Natia Navrouzov, Legal Advocacy Director at global Yazidi NGO Yazda, commented on the judgment that:
“This decision of the Court of Appeal shows again that ISIS is not only about a group of individuals who joined a terrorist group and committed the most heinous crimes. It is also about a whole system that enabled these crimes and that needs to be held accountable for to ensure that there is no impunity gap for international crimes.”
Nobel Peace Prize Laureate Nadia Murad, who is a survivor of enslavement and torture at the hands of ISIS, commented that:
“No one - terrorists, governments, or corporations - should receive impunity for enabling genocide and sexual violence. France's courts are now in agreement that Lafarge and its executives could stand trial for complicity in crimes against humanity. We need to see justice through and continue working through the courts to hold perpetrators accountable and make reparations available to survivors”.
British barrister and victims’ counsel, Amal Clooney, who also represents Yazda, commented that:
“This is another landmark ruling by the French courts showing that nobody is above the law and that all those who are complicit in crimes against humanity can and should be held to account”.

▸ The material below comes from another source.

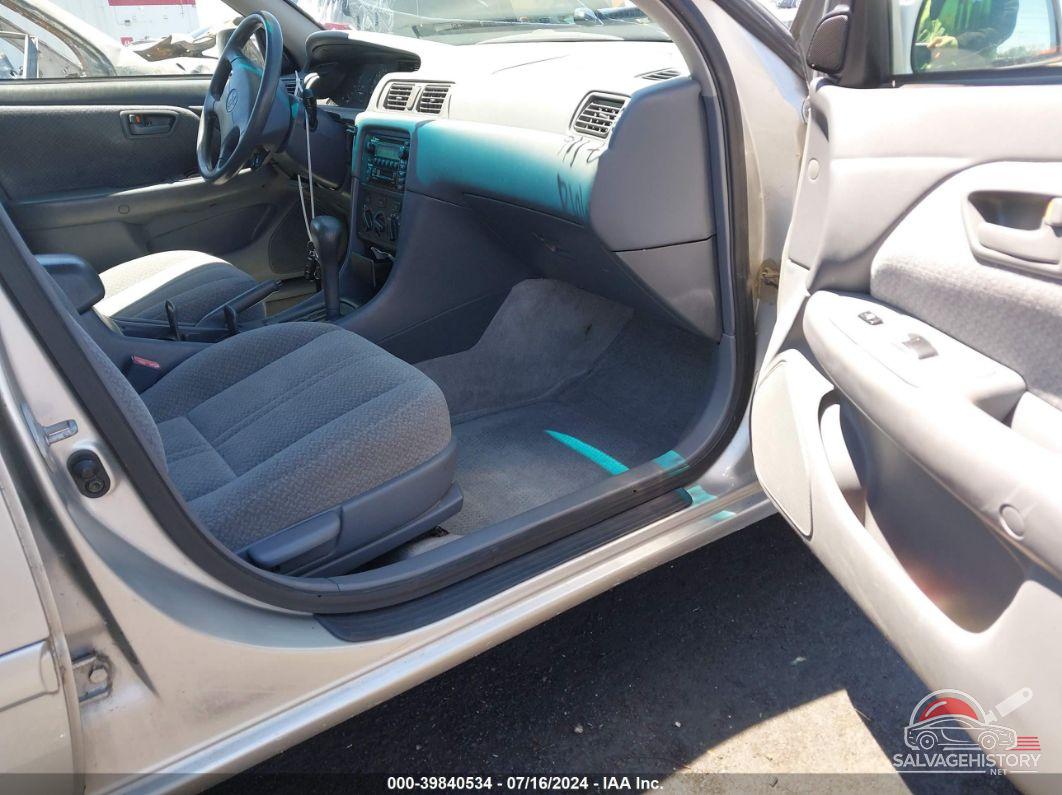 4T1BG22K51U058724 2001 TOYOTA CAMRY photo no. 5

Rachel Lindon and Luke Vidal, French counsel for the Yazidi victims and Yazda commented that:
“By accepting the criteria of the French Supreme Court for an indictment for complicity in crimes against humanity and, thus departing from the position it held in 2019, the Paris Court of appeal confirms the advancement in terms of accountability for international crimes that was initiated by the French judicial bodies. Since the 7th of September, 2021, French jurisprudence is now clear: one shall be held accountable as an accomplice to an international crime if it materially or financially supports an entity or a person which it knows has committed or is committing such crimes, notwithstanding if it did not participate in such crimes or if that support was not indispensable to the infringement.”
Nicolas Angelet and Pascal Beauvais, Professors of law and victims’ counsel added:
“The Paris Court of Appeal judgment is a major step towards responsibility of parent companies for human rights violations by their subsidiaries. This is key to effective corporate responsibility”.
For an Arabic version of this press release, please click here.
For a French version of this press release, please click here.
Note to editors:
The survivors participating in the case as civil parties are members of the Yazidi religious minority targeted by ISIS as part of a genocidal campaign in Iraq and Syria. These victims are represented by Luke Vidal and Lefa Mondon of Sygna Partners, Amal Clooney and Nicolas Angelet of Doughty Street Chambers, Rachel Lindon and Mathilde Aublé of Lindon & Rohan Chabot and Professor Pascal Beauvais (Sorbonne Law School, Panthéon - Sorbonne University).
Yazda is a global Yazidi NGO that has been supporting survivors and documenting crimes committed by ISIS for more than seven years. Yazda has helped to identify, locate and support victims in criminal proceedings in multiple jurisdictions around the world.
According to article 121-2 of the French Criminal Code legal persons may be held liable for criminal offenses committed on their behalf by any of their representatives or organs.
At this stage of the proceedings, the Supreme Court and the Court of Appeal has not found Lafarge SA guilty of the charged crimes but assessed whether according to article 80-1 of the French Code of Criminal Procedure there is “serious or corroborating evidence” showing that Lafarge may have been involved in the commission of the indicted offences, including complicity in crimes against humanity, financing of terrorism, and deliberately endangering the lives of others (Lafarge’s Syrian employees).